Boyer and his ministers, Jérôme-Maximilien Borgella and Jonathas Granville, were deeply involved in the mass migration of black Americans to Haiti. Loring D. Dewey of the American Colonization Society (ACS) had been an advocate of former slave migration from the United States to Haiti, as opposed to the more common ACS strategy of repatriating black Americans to Liberia. From September 1824, nearly 6,000 Americans, mainly free blacks, emigrated to Haiti in the space of a year.
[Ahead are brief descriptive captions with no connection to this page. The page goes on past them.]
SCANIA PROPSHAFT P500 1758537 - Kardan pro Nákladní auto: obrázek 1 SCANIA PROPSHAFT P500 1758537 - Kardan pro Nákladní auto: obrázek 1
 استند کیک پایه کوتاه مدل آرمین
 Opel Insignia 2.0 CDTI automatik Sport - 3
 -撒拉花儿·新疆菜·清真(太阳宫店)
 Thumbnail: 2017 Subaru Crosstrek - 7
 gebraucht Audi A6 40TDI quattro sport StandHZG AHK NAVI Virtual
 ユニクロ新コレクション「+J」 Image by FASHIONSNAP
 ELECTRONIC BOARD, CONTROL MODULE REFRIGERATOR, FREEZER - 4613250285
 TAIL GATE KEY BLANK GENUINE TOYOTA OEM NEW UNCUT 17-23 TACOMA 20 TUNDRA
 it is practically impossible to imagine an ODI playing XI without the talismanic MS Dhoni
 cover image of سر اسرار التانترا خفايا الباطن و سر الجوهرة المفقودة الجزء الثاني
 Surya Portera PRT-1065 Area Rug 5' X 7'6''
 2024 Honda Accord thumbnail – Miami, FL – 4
Due to the island's poverty and the Boyer administration's inability to help support new immigrants in transition, most black Americans returned to the United States after a short period of time.

===Fall of Boyer===
Boyer's authoritarian measures eventually lead to a loss of popular support and in 1842 an insurgency arose in Praslin, not far from Les Cayes, headed by General Charles Rivière-Hérard. Boyer attempted to quell the revolt, but with a loss of support and no chance of victory, Boyer abdicated in 1843 and went into exile in Jamaica.

===Return to Republic===
Charles Rivière-Hérard would declare himself president-for life but his reign would only last until May 1844. In the month's following Boyer's departure, Santo Domingo took advantage of the chaotic political situation to start a revolution against the Haitian government. Under the leadership of Juan Pablo Duarte, Francisco del Rosario Sánchez, and Matías Ramón Mella, the Dominicans expelled the Haitian forces from Santo Domingo and declared independence on 27 February 1844, this time as the newly-formed Dominican Republic. This would trigger the start of the Dominican War of Independence. During the final five years of the Republic of Haiti, the country would be limited again to the western portion of the island and no longer controlled the eastern side of the island. Following Rivière-Hérard, there would be four more presidents of the Republic of Haiti until Faustin Soulouque was elected president-for-life in 1847.

===End of the Republic===
On the 26th of August 1849, Soulouque was proclaimed Emperor of Haiti and the first Republic of Haiti was dissolved. At his coronation ceremony on 18 April 1852, Soulouque become Emperor Faustin I. The Emperor created a new class nobility to surround himself with and began a period of Haitian history known as the Second Haitian Empire.